§ **Task brief**:
For the entries below, the result should be an exact transcription of the lines from the one with "What varieties of" up to and including the one with "I've had this", and only those.

§ **The input**:
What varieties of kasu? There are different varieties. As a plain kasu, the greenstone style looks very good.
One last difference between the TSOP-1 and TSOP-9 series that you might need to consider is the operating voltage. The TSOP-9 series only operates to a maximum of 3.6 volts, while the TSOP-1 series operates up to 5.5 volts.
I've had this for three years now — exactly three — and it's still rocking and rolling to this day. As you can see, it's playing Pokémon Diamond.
...
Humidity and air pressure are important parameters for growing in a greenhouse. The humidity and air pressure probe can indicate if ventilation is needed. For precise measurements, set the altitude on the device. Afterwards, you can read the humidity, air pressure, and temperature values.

§ **Output below**:
What varieties of kasu? There are different varieties. As a plain kasu, the greenstone style looks very good.
One last difference between the TSOP-1 and TSOP-9 series that you might need to consider is the operating voltage. The TSOP-9 series only operates to a maximum of 3.6 volts, while the TSOP-1 series operates up to 5.5 volts.
I've had this for three years now — exactly three — and it's still rocking and rolling to this day. As you can see, it's playing Pokémon Diamond.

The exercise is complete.